その頃のある週末の午後、当時住んでいた家の台所兼リビングには、家族4人が揃っていました。ちょうど白猫がいた場所からは、8メートルほど離れた所にある玄関がバッチリ見えました。その玄関は、横に表面に凹凸があるガラス張りになっていたので、来客があると右から左に移動する人影が見える構造になっていました。

その時、何気なく玄関を見たら、ガラス越しにずんぐりした小柄な黒い影がありました。すると、影が玄関に近づいてきて、ドアをノックする音が聞こえました。玄関にチャイムがあるのに変だと思いつつ、玄関から一番近い場所にいる母に「ノックが聞こえないの?誰か来たよ!」と伝えました。

母は「ドアを叩く音なんで聞こえなかったわよ!」といいつつ、玄関に行ったのですが、誰もいませんでした。ちなみに、父と姉も離れた場所にいたので、ノックの音は聞こえなかったそうです。白猫の白日夢だったのでしょうか?

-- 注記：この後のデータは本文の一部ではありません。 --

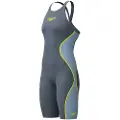 Speedo Fastskin Lzr Pure Intent 2.0 Openback Badetøy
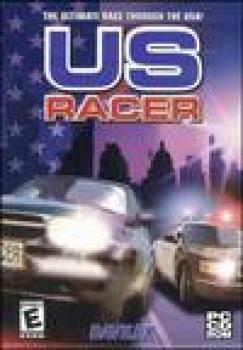  Трасса 66 (US Racer) (2002). Нажмите, чтобы увеличить.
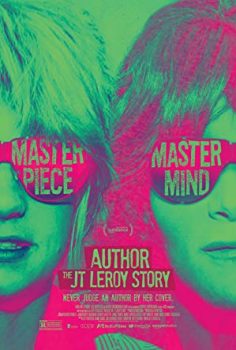 JT LeRoy izle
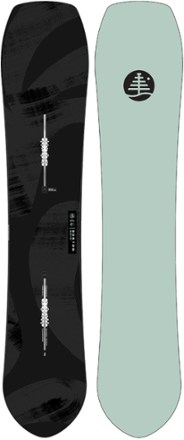 Burton Snowboards Rei Co Op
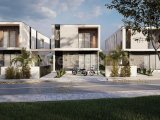 KIBRIS MAĞUSA YENİ BOĞAZİÇİ NDE SATILIK ÖZEL HAVUZLU ÇOK ÖZEL VİLLA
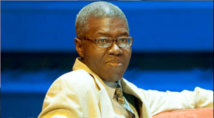 SOULEYMANE BACHIR DIAGNE « Le soufisme est le cœur vivant de l’Islam » SOULEYMANE BACHIR DIAGNE « Le soufisme est le cœur vivant de l’Islam »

我が家の玄関は、奥まった所にあったので、門から適当な距離がありました。おまけに、道路よりも1メートル弱ほど高い場所にあったので、階段もついていました。子供のいたずらだったら、必ず姿を捉えることが可能でした。

偶然にも次の日、母方祖父が亡くなったことを伝える電話があり、そそくさと母は出かけていきました。通夜と葬儀を終えて帰ってきたら、「おじいさんが死ぬ前にみんなの所に挨拶していたのよ」と言い放ちました。

母の話では、祖父が深い夢を見ているような状態になってから、他のきょうだいや縁者の家に無言電話があり、我が家では誰かが玄関をノックする現象が起こったので、祖父が死ぬ前の挨拶に来たという結論に至ったそうです。乱暴な話ですが、祖父は、小柄でずんぐりむっくりした体型で、根性はなかったけれど折り目正しい義理堅い人だったそうです。

この一件で、白猫は母から「霊能力がある」という評価を受けました。(アホらしい)

祖父が死ぬ前に挨拶に来たのかは分かりませんが、あの黒い影とノックの音は記憶に今でも鮮明に覚えています。